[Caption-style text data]
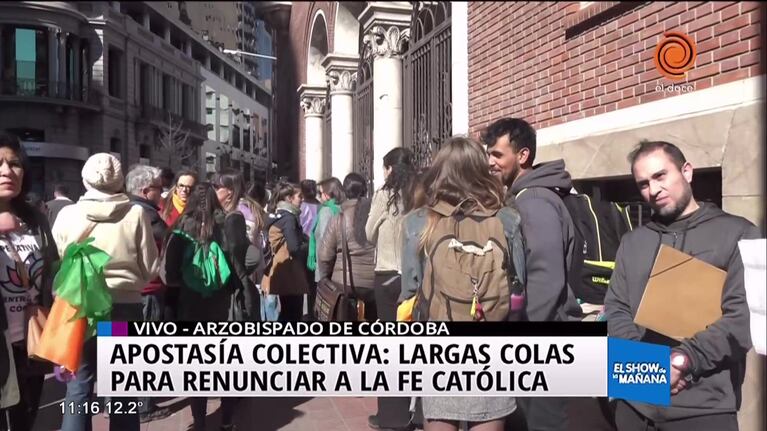 Largas filas para renunciar a la fe católica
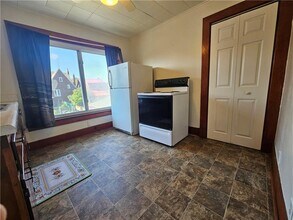 1127 Highland St in Tarentum, PA - Building Photo - Building Photo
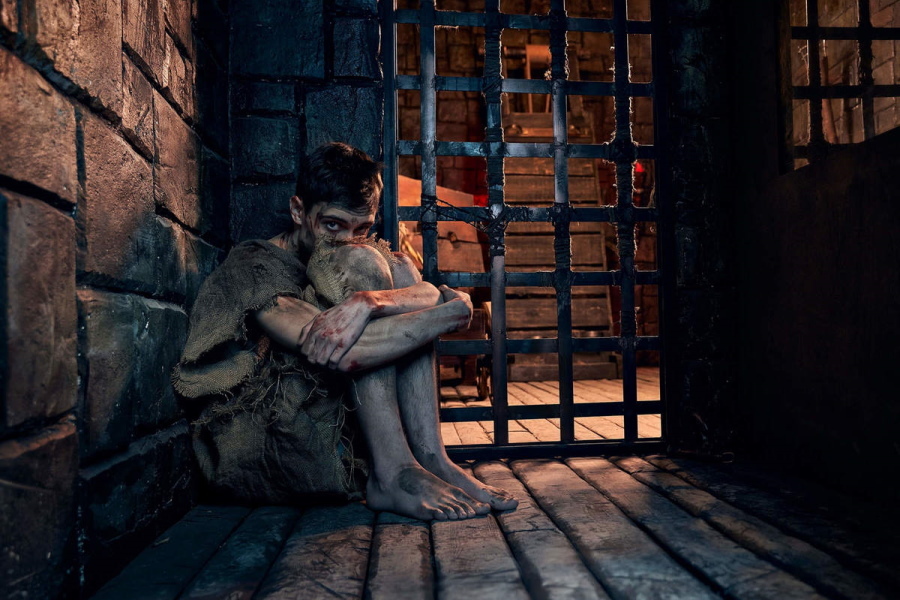 Квест в реальности Заговор в средневековом замке от компании 4 мозга Квест в реальности Заговор в средневековом замке от компании 4 мозга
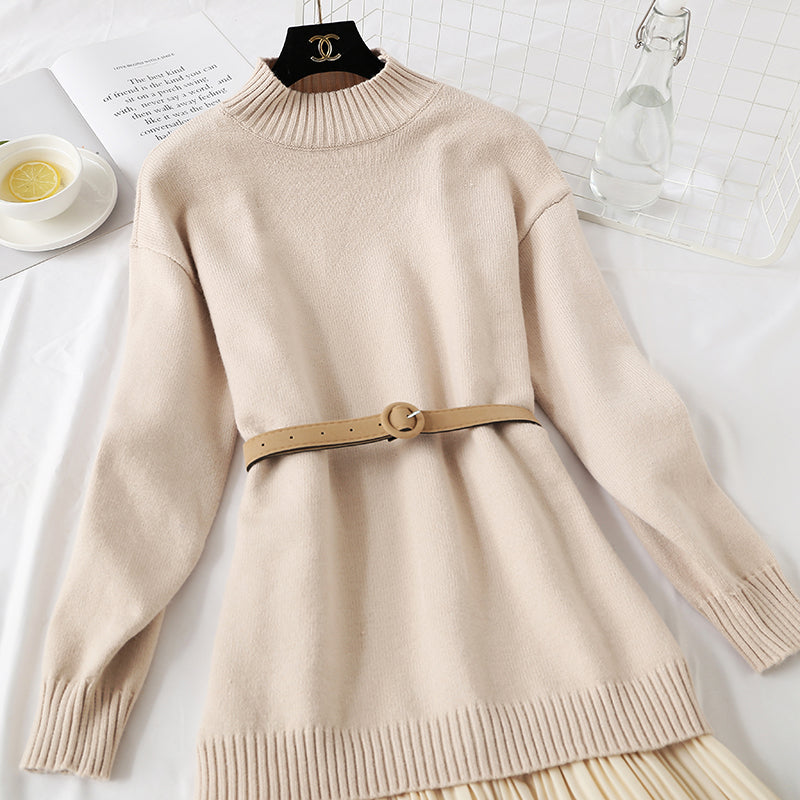 Medium and long suspender with bottom pleated wool skirt over the knee  2461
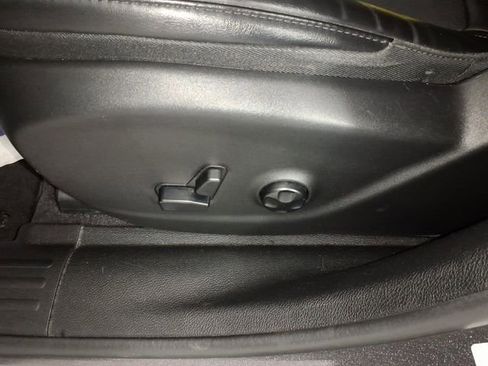 Used 2019 Jeep Cherokee Latitude Plus w/ Comfort/Convenience Group image 13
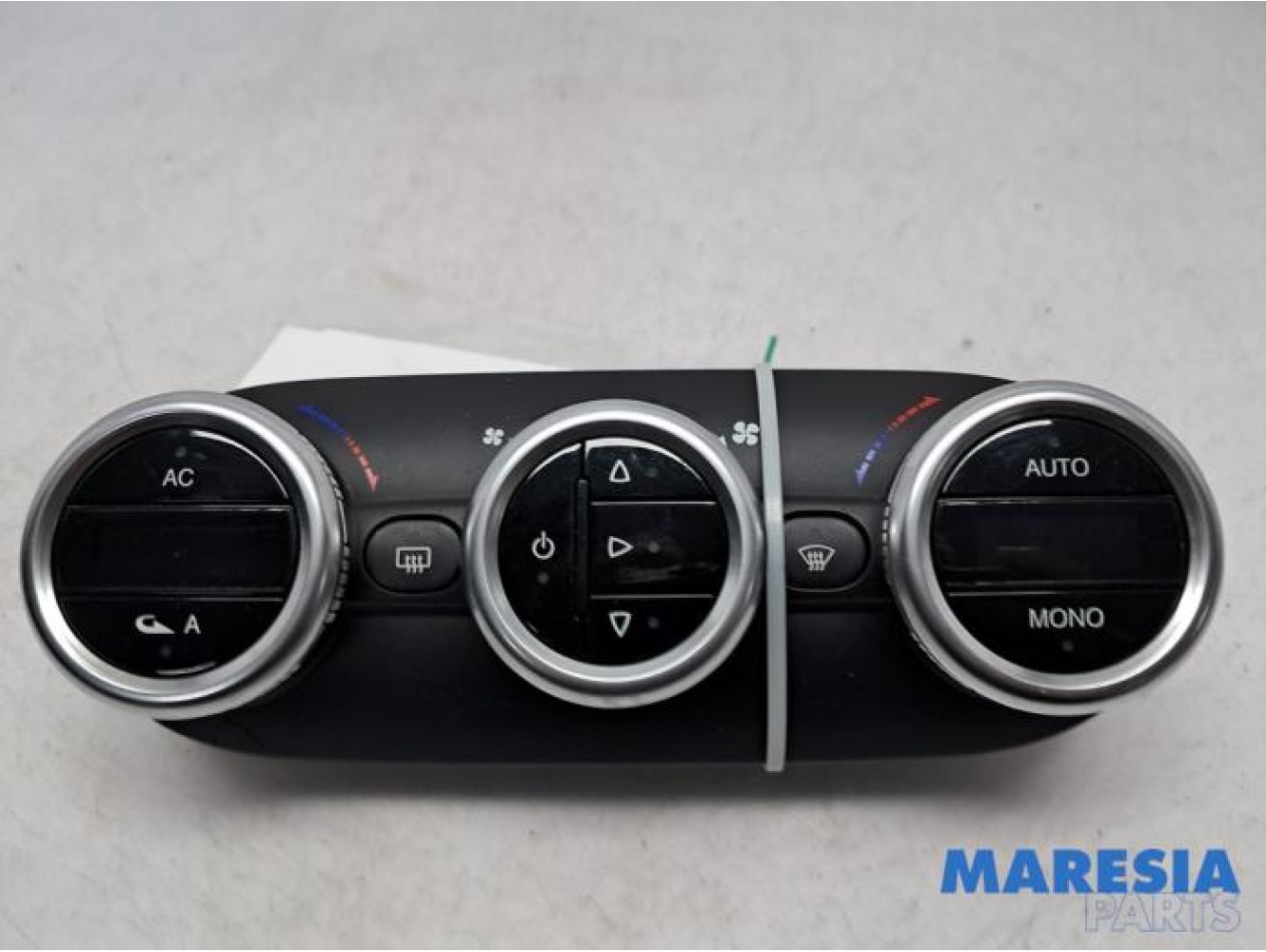 Alfa Romeo - Giulietta - Heater control panel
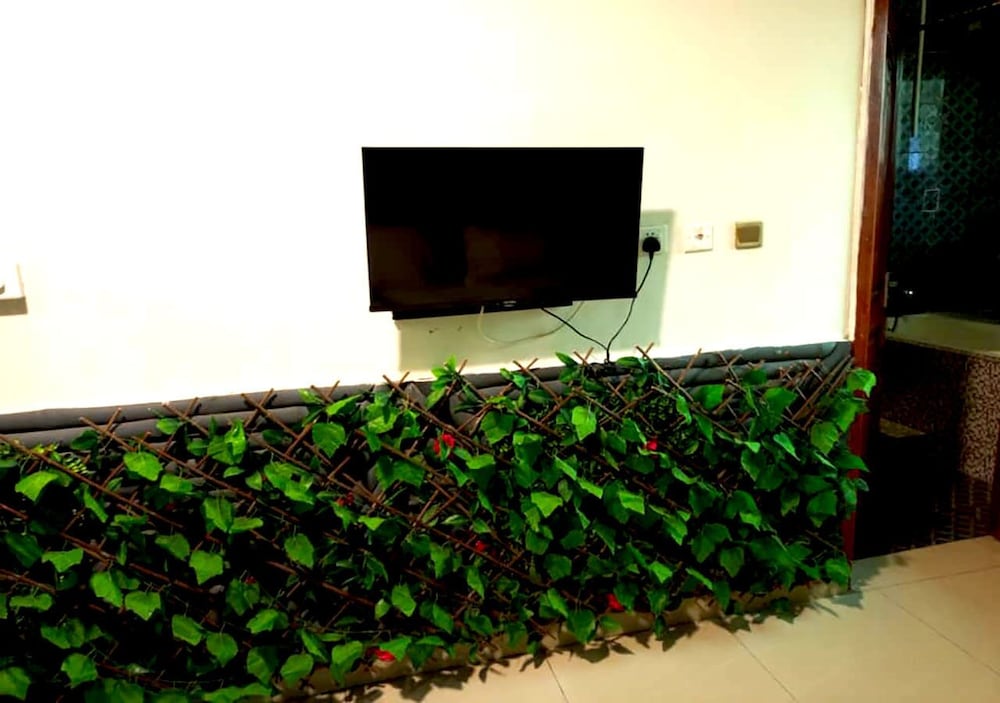 lloyds beach resort and hotel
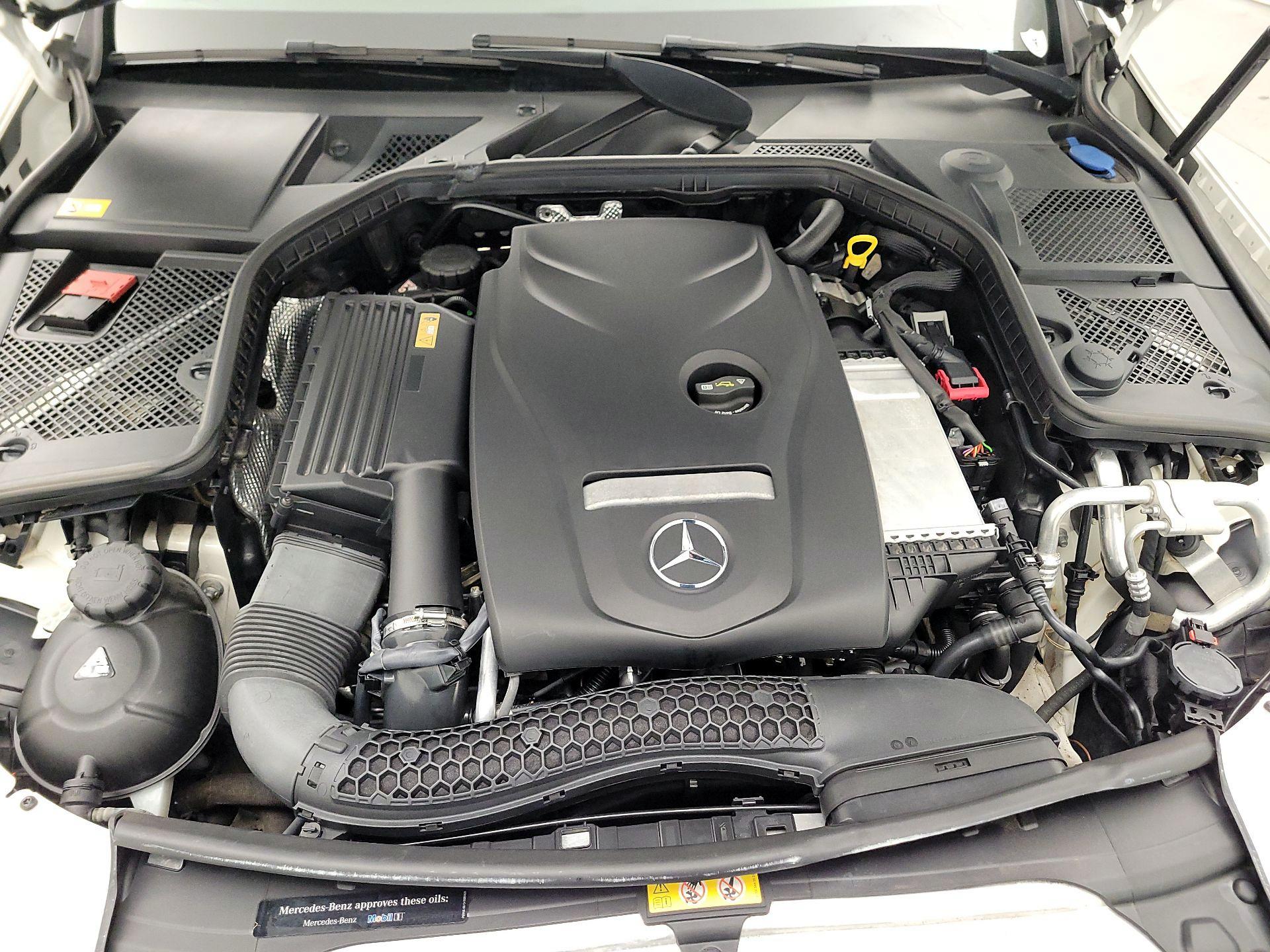 Thumbnail: 2015 Mercedes-Benz C-Class - 17
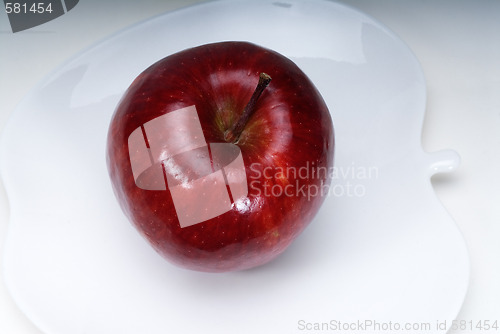 Image of red apple
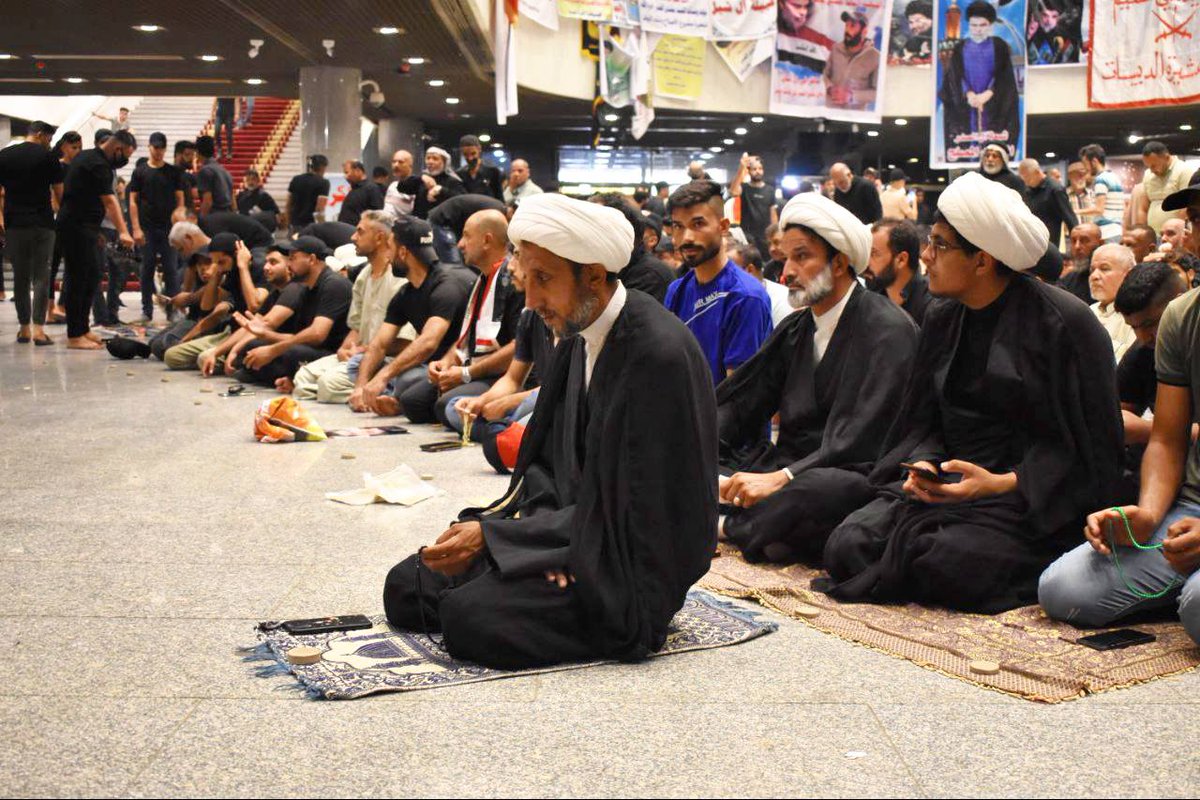 صور من صلاة ثوار عاشوراء 
داخل بناية البرلمان العراقي. من_الارشيف ثورة_عاشوراء
#يزيد_سيد_الفساد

-- ACTIVITY --
Please return, without any change, the lines from the line containing "Alfa Romeo - Giulietta" through the last line of the entries, dropping the pictures.

-- WRITTEN SOLUTION --
 Alfa Romeo - Giulietta - Heater control panel
 lloyds beach resort and hotel
 Thumbnail: 2015 Mercedes-Benz C-Class - 17
 Image of red apple
 صور من صلاة ثوار عاشوراء 
داخل بناية البرلمان العراقي. من_الارشيف ثورة_عاشوراء
#يزيد_سيد_الفساد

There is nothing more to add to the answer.